Important: Please read the Qt Code of Conduct - https://forum.qt.io/topic/113070/qt-code-of-conduct

How to debug a hard to find memory leak in PyQt



  • I have a PyQt application with a memory leak in it. It's an application for doing translations and it uses QThreads and signal/slots to do the translation on a separate thread and then signal a QTextEdit with the result when the translation finishes. The application works but it leaks memory with every translation. I haven't been able to reproduce the memory leak in a smaller code sample outside of the full application and my best guess for how it's occurring is some interaction between my threading logic, Python, Qt memory management, and underlying libraries I'm using.

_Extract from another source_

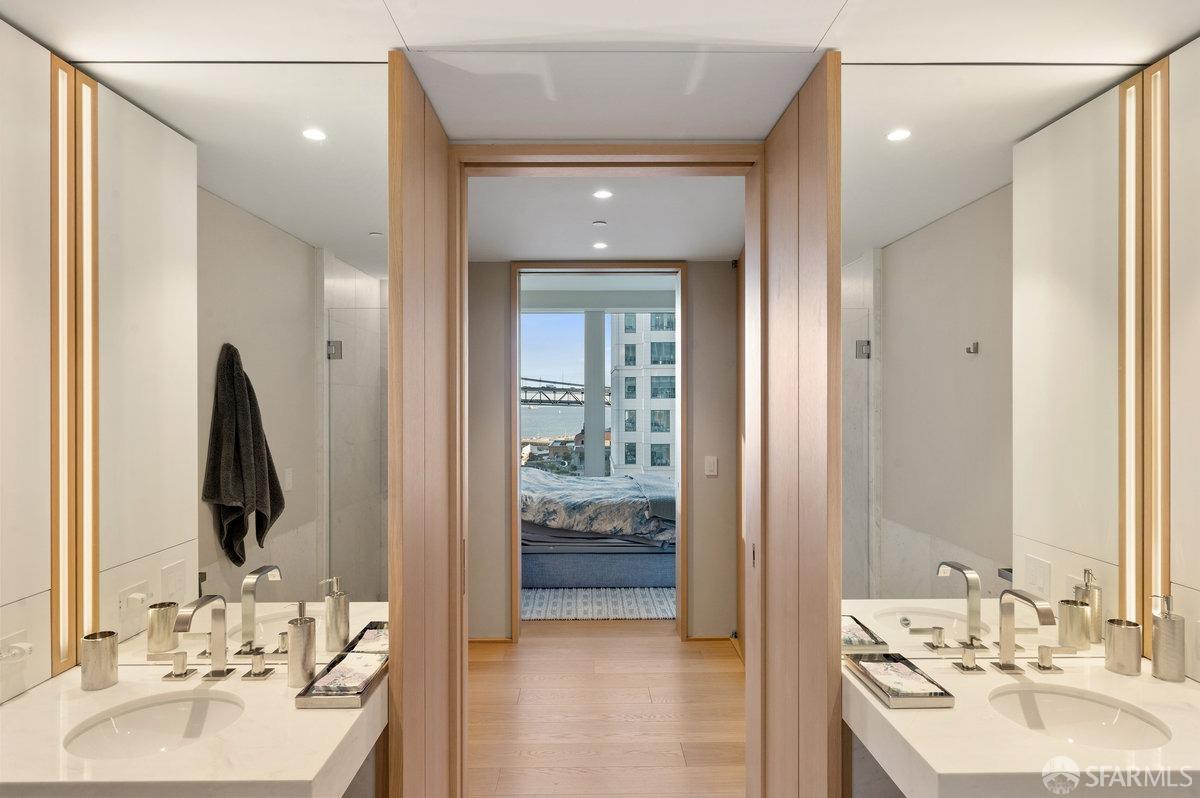 1 Steuart Lane # 1502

    Through trial and error I've found that the leak only occurs when I do my translation inside of QThread.run. Just translating repeatedly doesn't leak memory, and I've failed to reproduce the bug by running something else inside of my QThread. For a while I thought the error had something to do with the fact that I'm passing the translation work in as a lambda function which might create a situation like this where the QThread doesn't get cleaned up by the Python garbage collector. This doesn't seem to be the issue because I can see that its del function is being called. I also tried deleting all of the signal/slot connections to the QThread and just printing the output which still leaks memory.

    I've also tried using tracemalloc and valgrind to debug which hasn't yielded any useful information. I think that maybe Qt/Python's memory management is potentially having a weird conflict with the memory management in my underlying Python libraries which themselves I don't think are fully written in Python.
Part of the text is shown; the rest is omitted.